Cluster the clock hands as you wish, and according to my son Lev, it will be 6.40. In fact, it’s 6.40 every time, all the time. One morning at the lake, the little pitter patter of his bare feet gave way to his warm baby’s breath as he tip toed into our room.
He whispered, “Momma, is it 6.40 yet?” I rolled over, pried my eyes, and lo and behold, it was exactly 6.40. That is, 6.40am.
The early wake up call didn’t damper my smile any. His small voice suddenly opened an idea, like the sonic bloom at the start of the day. No matter what time it actually was, his newly acquired concept of time remained generalized, and he thought his every existence occurred at 6.40. As if he carried a miniature pocket watch spiked in a single direction.
Sometimes, like twice a day, he’s right. But for the other 1438 minutes of the day, he’s wrong. Dead wrong.
No matter to him. The truth is that the exact time impacts him very little. Because his idea of time is less about preciseness and more about presentness. And every minute is a petal of temporal flora.
His invisible pocket watch doesn’t tick, but it’s full of posy.

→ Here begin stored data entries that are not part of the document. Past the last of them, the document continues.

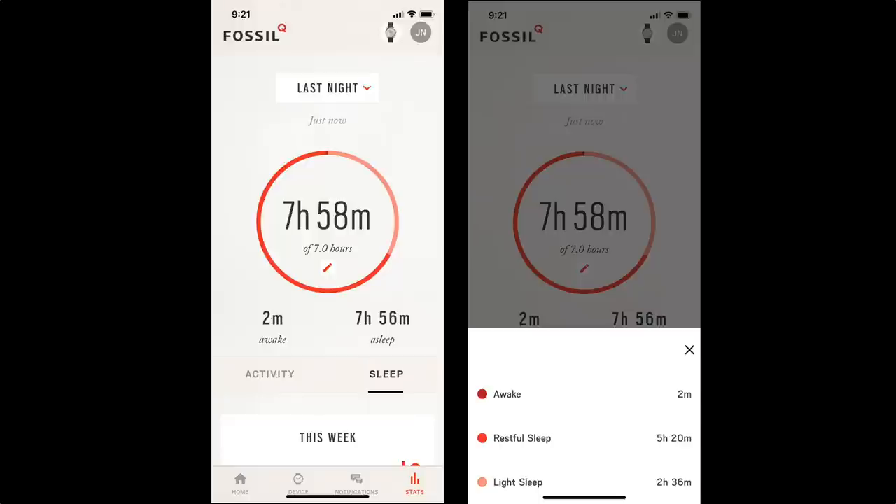The Q Commuter will also track your sleep, if you're the kind of person that wears your watch to bed. It breaks your sleep down into three categories: awake, restful sleep, and light sleep. I'm not typically the kind of person that wears a watch to bed, but I did test it out with this one, and based on the results I'm starting to question whether or not I'm a good sleeper.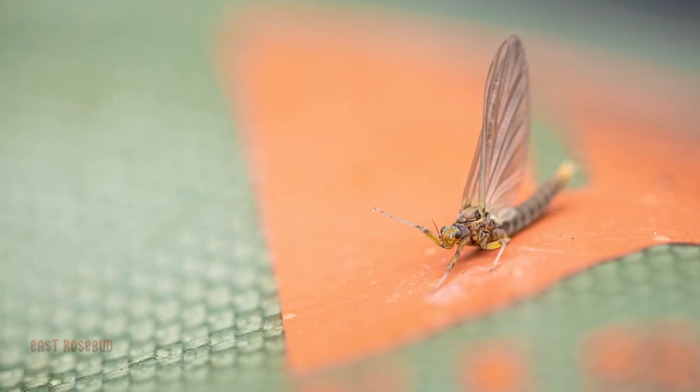The PMD, or the Pale Morning Dun, is part of the crawler group of mayflies. They're most prevalent in tailwaters and spring creeks. You can also find them on freestone rivers. However, you're going to have to fish lower in the river system, where the gradient is not quite as steep, where you're more into a depositional zone — where you start accumulating leaves and sticks — and that's what these crawlers feed on.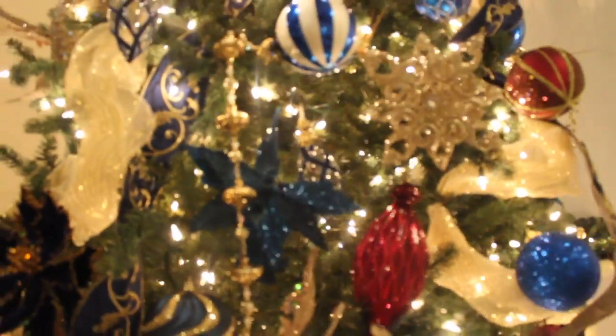We used this awesome blue velvet ribbon with this super shimmery gold ribbon behind it. It gives it a good layer so it shows lots of texture. And then we also have these beads that come down our trees too, which help really fill space and they look really pretty.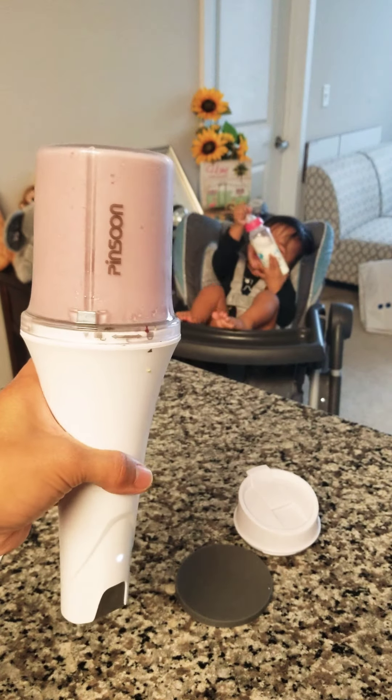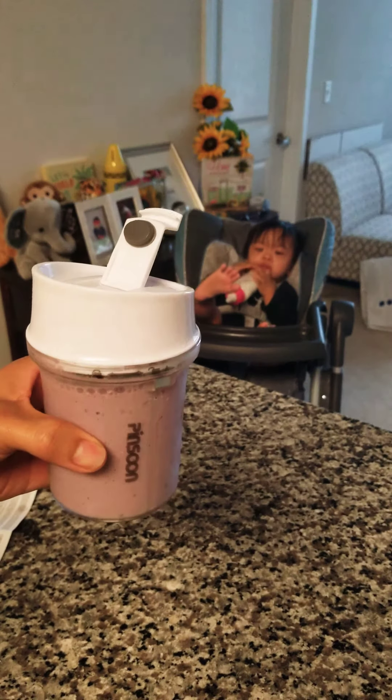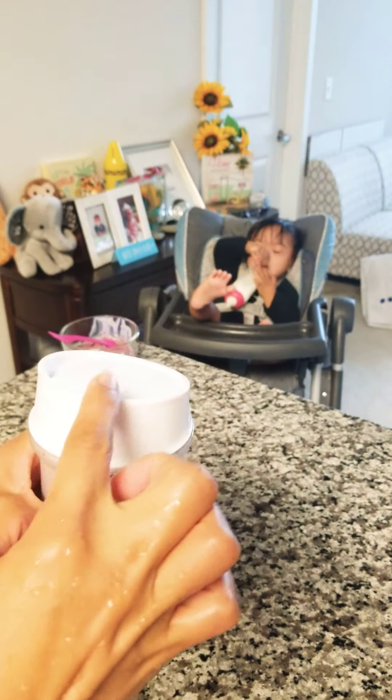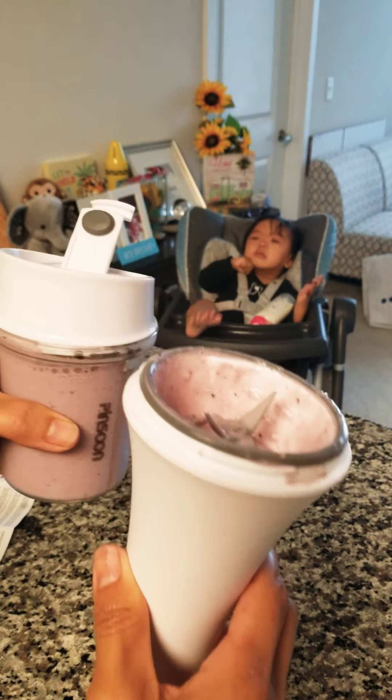Hi, Kevin. This is going to be the best view right here.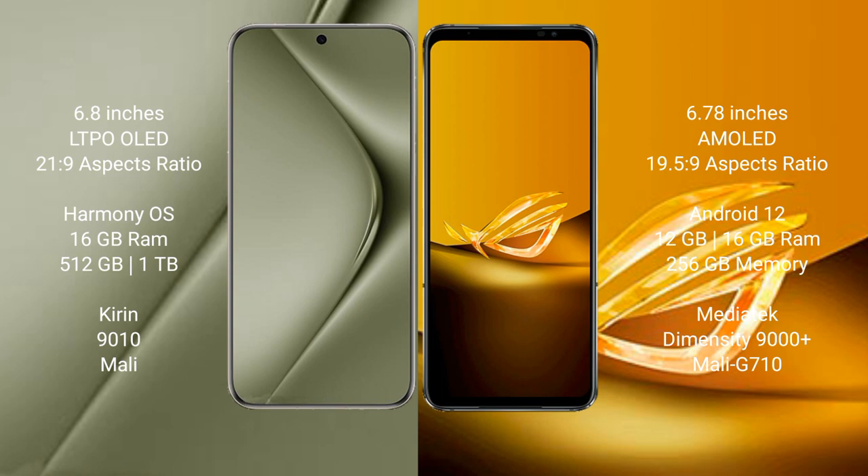The Huawei Pura 70 Ultra runs on the HarmonyOS operating system, while the Asus ROG Phone 6D runs on Android 12.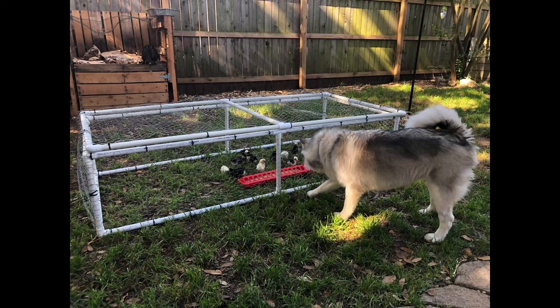Howdy y'all, this is Tony with Lone Star Coops. Today we're going to be going over an inexpensive chick playpen you can build to give them a little extra security while you take them outside to stretch their legs and wings.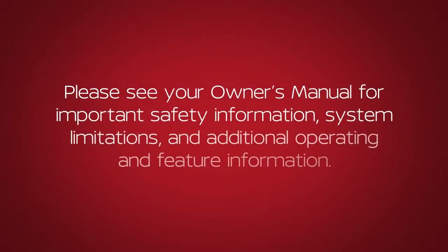Please see our Owner's Manual for important safety information, system limitations, and additional operating and feature information.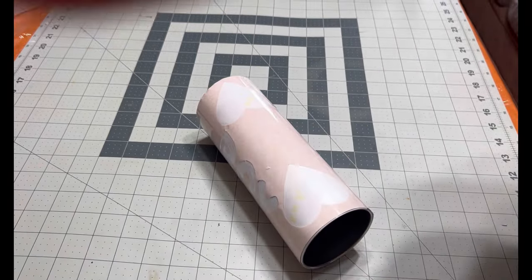I'm going to sublimate this at 380 degrees for 60 seconds on this side using a tumbler press, with the seam facing me. Then I'm going to rotate it 180 degrees and sublimate it again for another 60 seconds. Then I'll sublimate the top, then the bottom, and I'll show you what it looks like.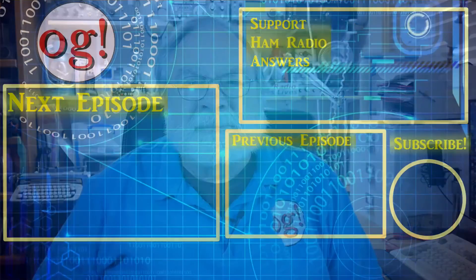Please also subscribe, click the bell, and click like. Don't forget to comment. Until we next meet, 73.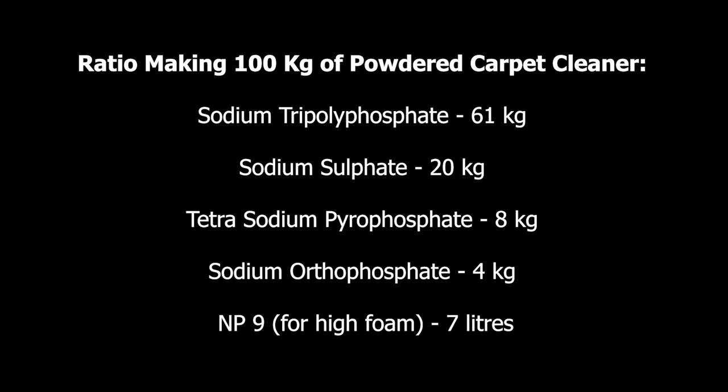All these ingredients are powders except NP9, and remember we only add NP9 if you wish to produce a high-foam powder carpet cleaner. The next ingredient is tetrasodium pyrophosphate — this should be 8% of the total mass. Out of the 100 kg we are manufacturing, we need to consider 8 kg of tetrasodium pyrophosphate.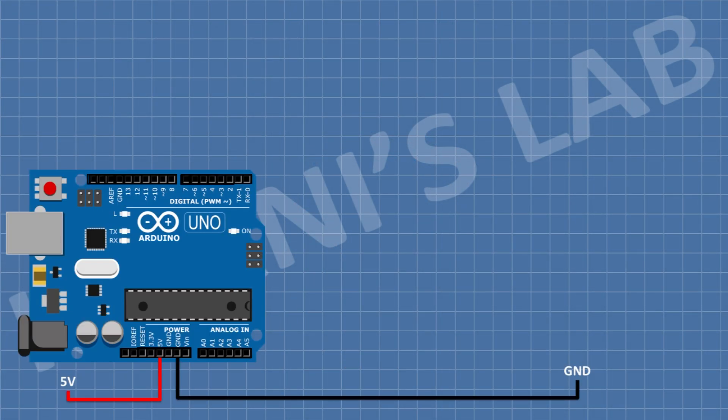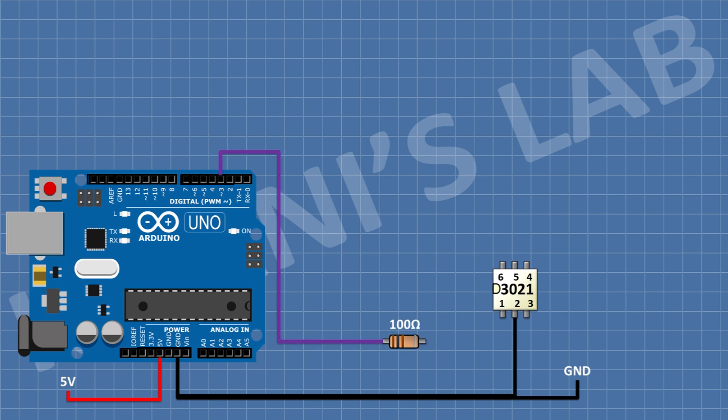First, I'm gonna connect the Arduino. After that, connect the MOC3021 optocoupler and connect its pin number 2 to ground. After that, connect a 100 ohm resistor and connect its one pin to pin D3 of the Arduino.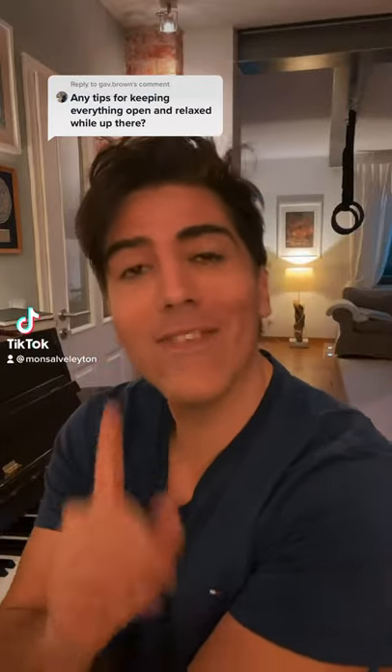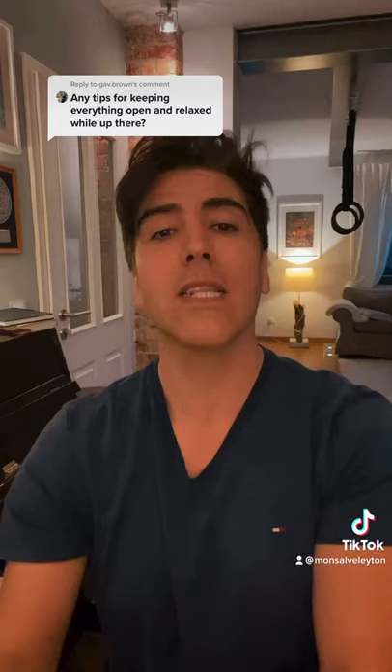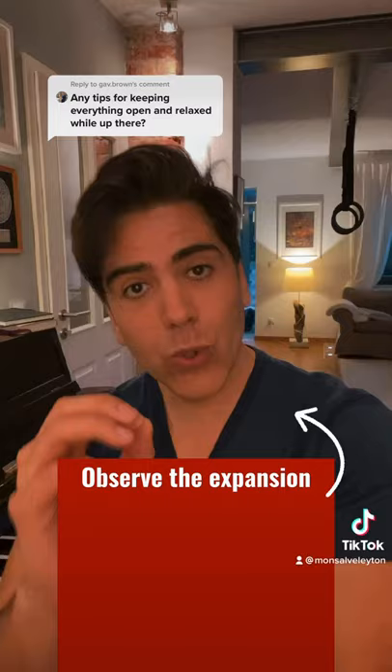I'm still working on the videos with the answers because they are long videos, but I'll give you a little answer. How do I expand my larynx? This is a small exercise — look at this, you can see it. How do you apply that? That's just an exercise. Then you have to apply a piccolo colpo glottale.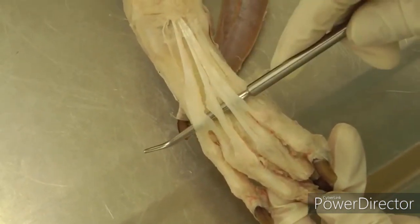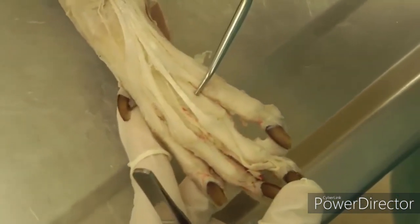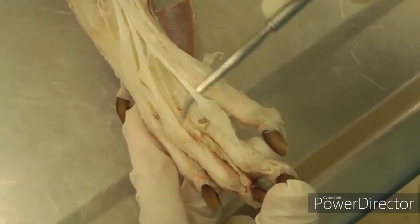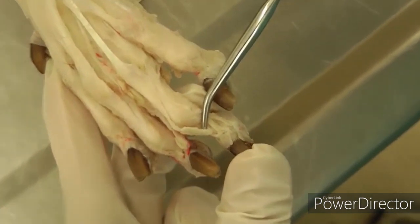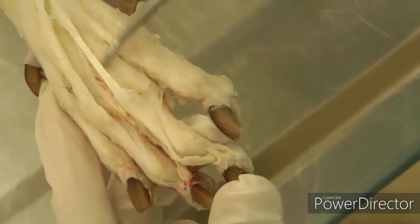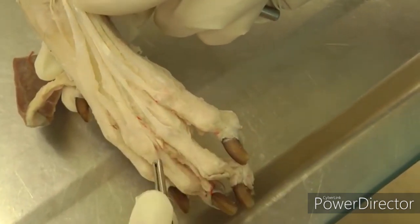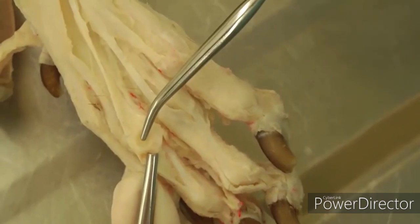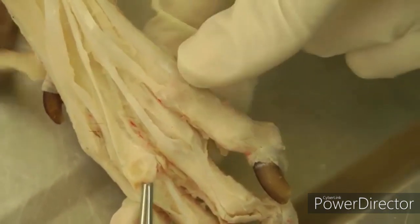It's extending all of those toes. If you want to pick a toe to work on, you can decide — I did the fourth toe. Pull it out and dissect it all the way down to see where it's inserting on that third phalanx. There's also a little sesamoid bone — about the size of the tip of the probe — right in there, if you can find that.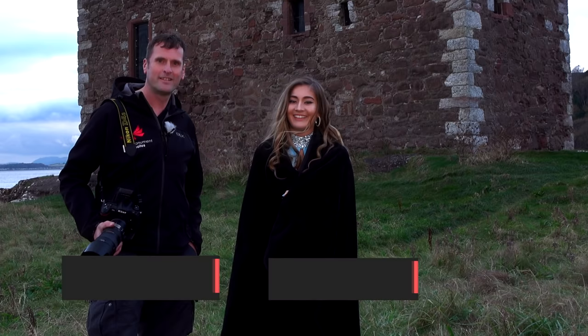Hi there, it's Graeme here from monumentphotos.co.uk. We're here on the west coast of Scotland, a little place called Port and Cross, for a photo shoot with the lovely Caitlin. Say hi to the camera. Hi.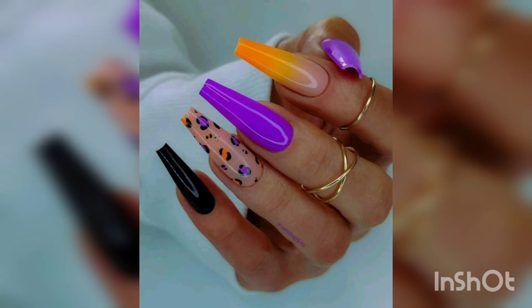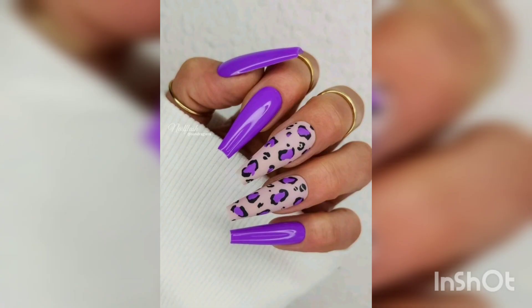So these are the best designs for your Halloween nail art. Do your best and look your best. Thank you!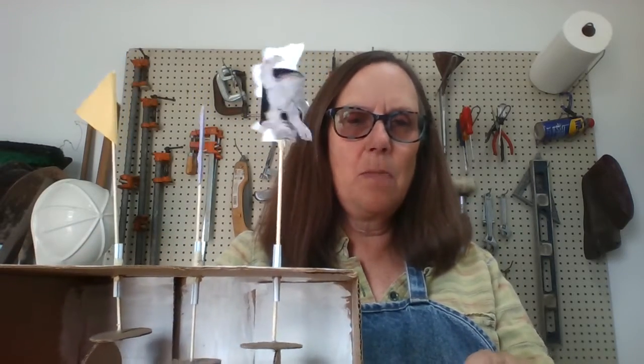I wanted to show you something I've been working on, and something that also some of you have started. It's called cardboard automata and you just use recycled things around the house to make your own pictures and tell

So often as parents, we just want the day to be over or at least be doing something else (like, ahem, sleeping in). Been there. Still there, sometimes. Like the days whirl around in a chaotic circle – Ring around the rosy on repeat.
But the truth is, it’s the single minutes that, when strategically placed, add up to an arrangement worth savouring. A bouquet worth saving. And a blossom worth safeguarding.
And, let’s be real. We don’t have to love the whole day to appreciate the beauty of a few minutes. The ones that make us smile happy. Smile real. Smile full. Those are the ones that will lift you when you fall down.
And if the routine got the best of you today, husha, husha. We all fall down sometimes.